Record excerpts: Begin
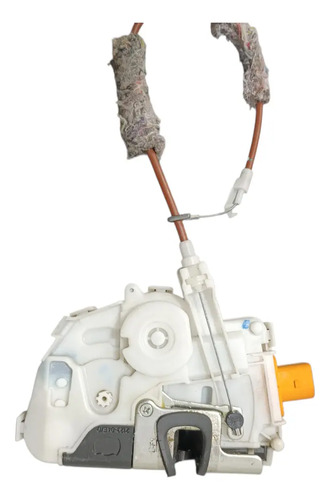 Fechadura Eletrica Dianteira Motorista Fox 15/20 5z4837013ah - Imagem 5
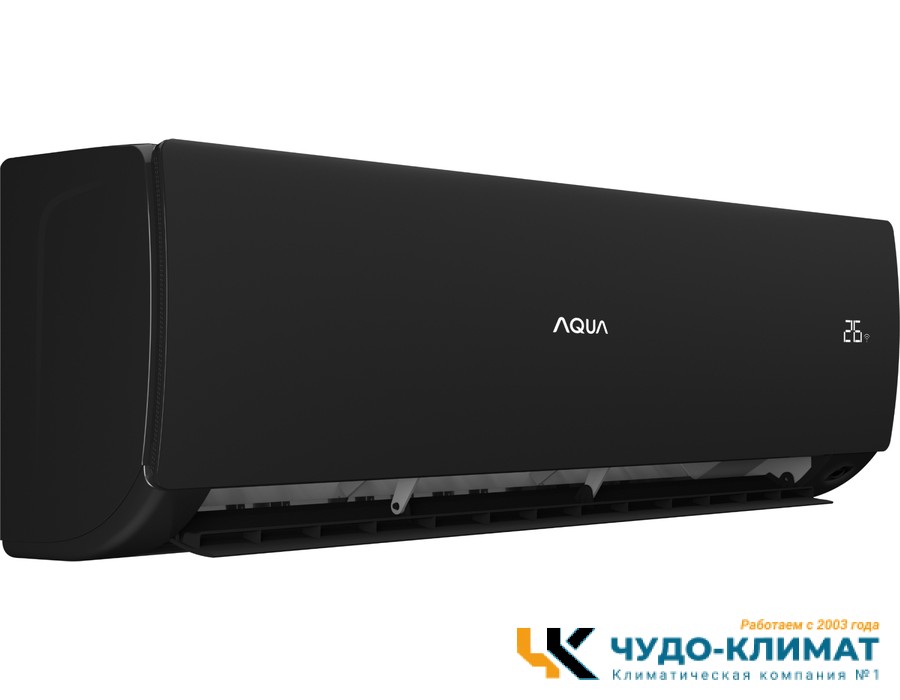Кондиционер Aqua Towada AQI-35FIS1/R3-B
Record excerpts: End
Record excerpts: Begin
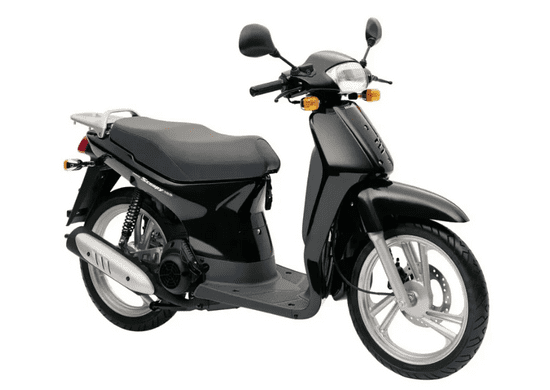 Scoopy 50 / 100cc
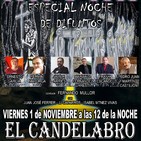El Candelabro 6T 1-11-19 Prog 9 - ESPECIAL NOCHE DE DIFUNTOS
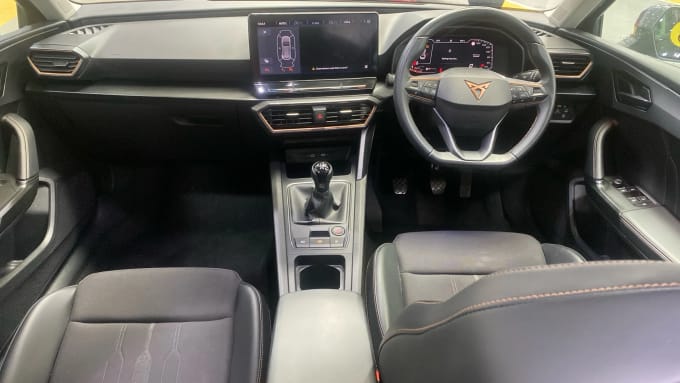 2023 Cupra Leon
Record excerpts: End
Activity: The lines to copy exactly start with the line above that has "El Candelabro 6T" and go on through the line that has "2023 Cupra Leon"; please include both, add nothing else, and omit the pictures.

Reply:
El Candelabro 6T 1-11-19 Prog 9 - ESPECIAL NOCHE DE DIFUNTOS
 2023 Cupra Leon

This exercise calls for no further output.